Short text fragments from websites
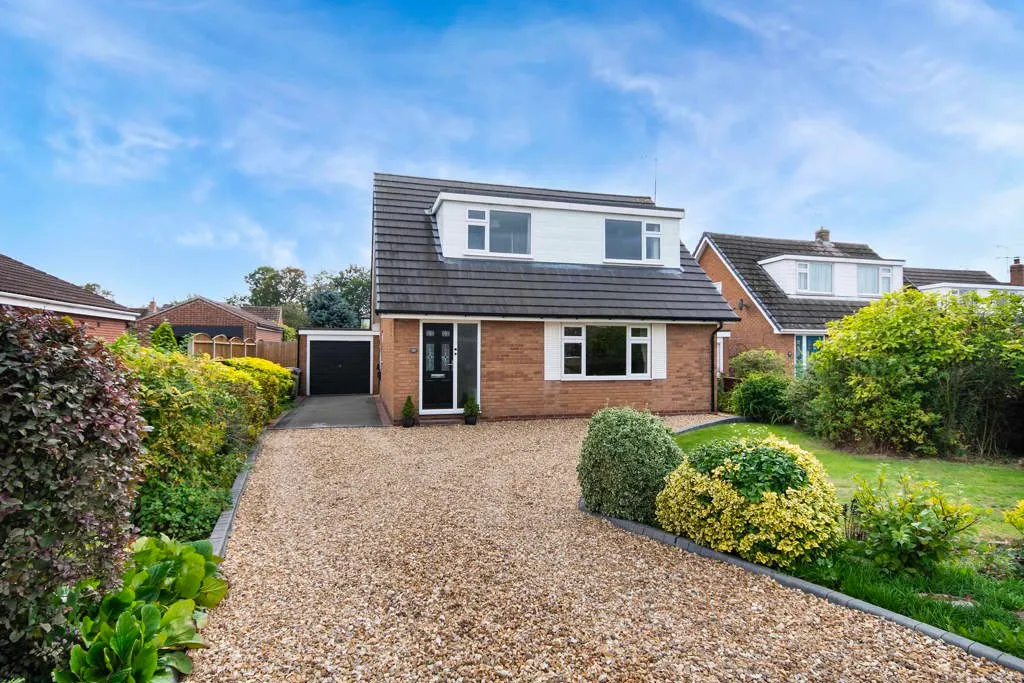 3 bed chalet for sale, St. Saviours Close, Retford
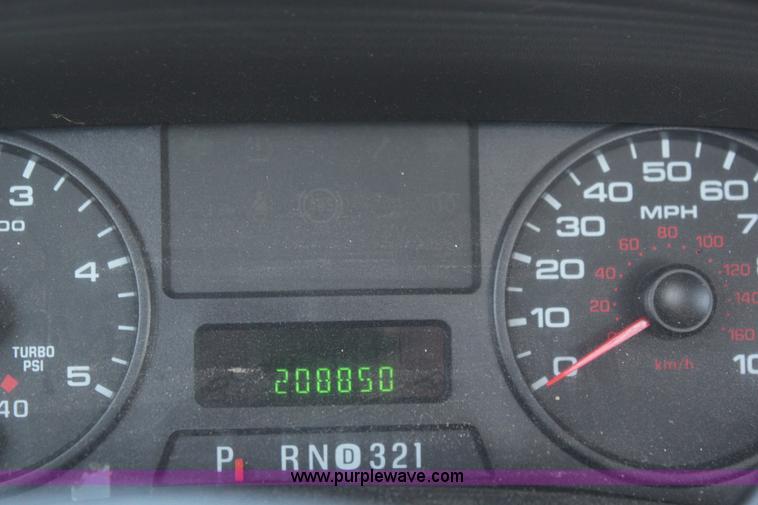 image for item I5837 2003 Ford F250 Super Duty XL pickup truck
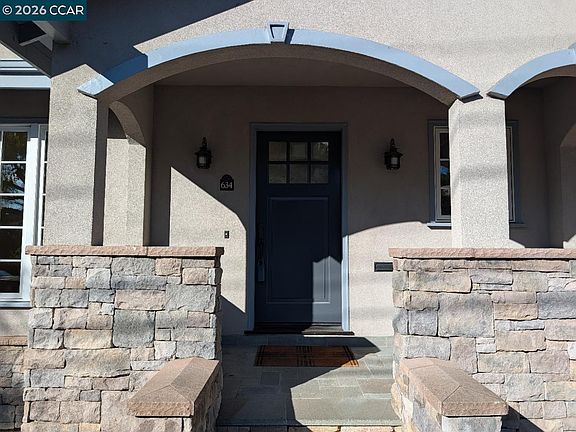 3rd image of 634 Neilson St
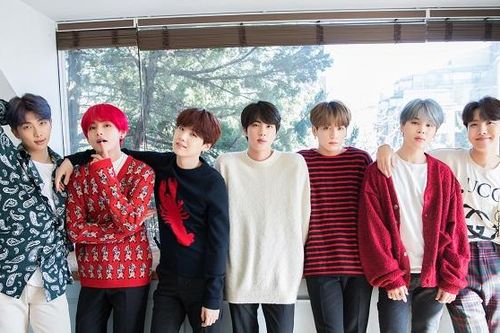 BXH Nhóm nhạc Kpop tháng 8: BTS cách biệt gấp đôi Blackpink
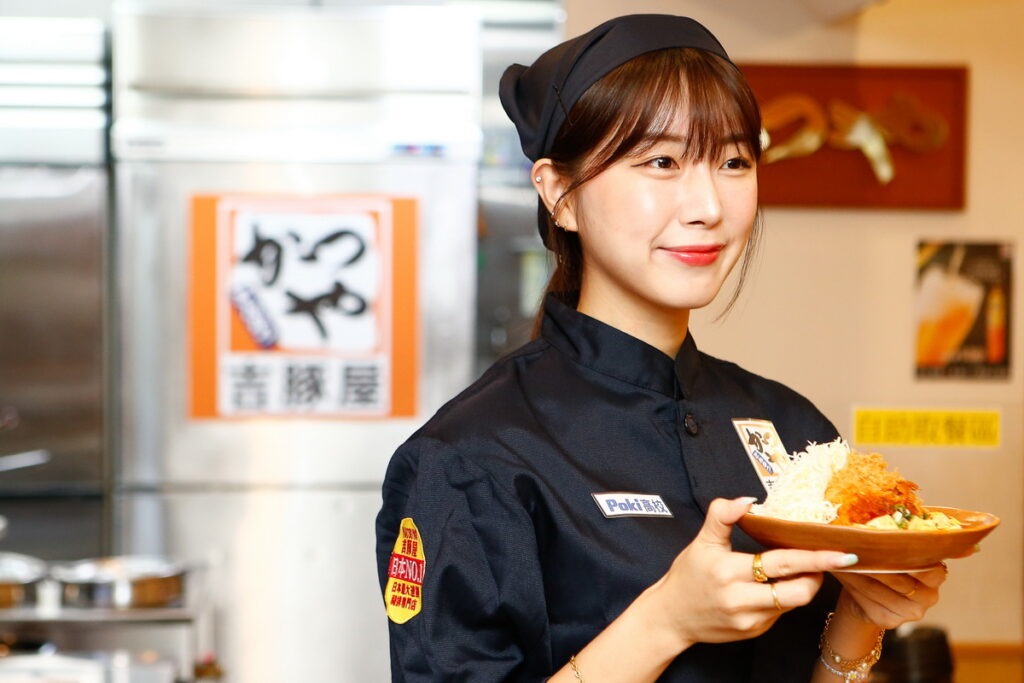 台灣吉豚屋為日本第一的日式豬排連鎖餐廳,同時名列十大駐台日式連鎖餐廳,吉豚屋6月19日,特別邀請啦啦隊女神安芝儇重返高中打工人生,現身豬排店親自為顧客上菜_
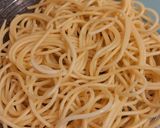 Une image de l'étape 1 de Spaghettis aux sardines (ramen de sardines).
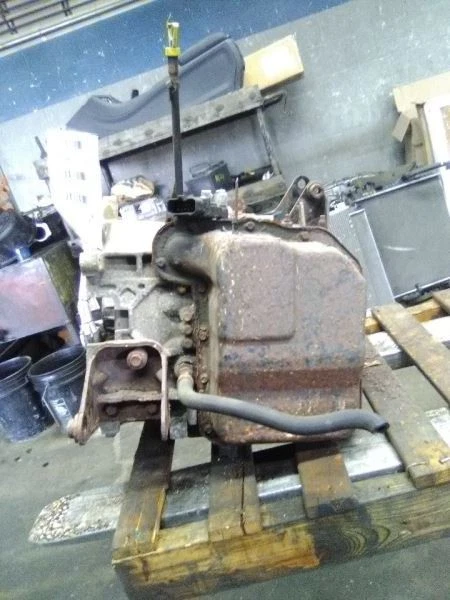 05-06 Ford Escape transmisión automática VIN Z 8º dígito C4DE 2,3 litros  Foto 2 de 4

WHAT TO PRODUCE:
Beginning with the line where "Une image de" appears, transcribe the records above word for word through their last line, and include no pictures.

SOLUTION TO THIS PROBLEM:
 Une image de l'étape 1 de Spaghettis aux sardines (ramen de sardines).
 05-06 Ford Escape transmisión automática VIN Z 8º dígito C4DE 2,3 litros  Foto 2 de 4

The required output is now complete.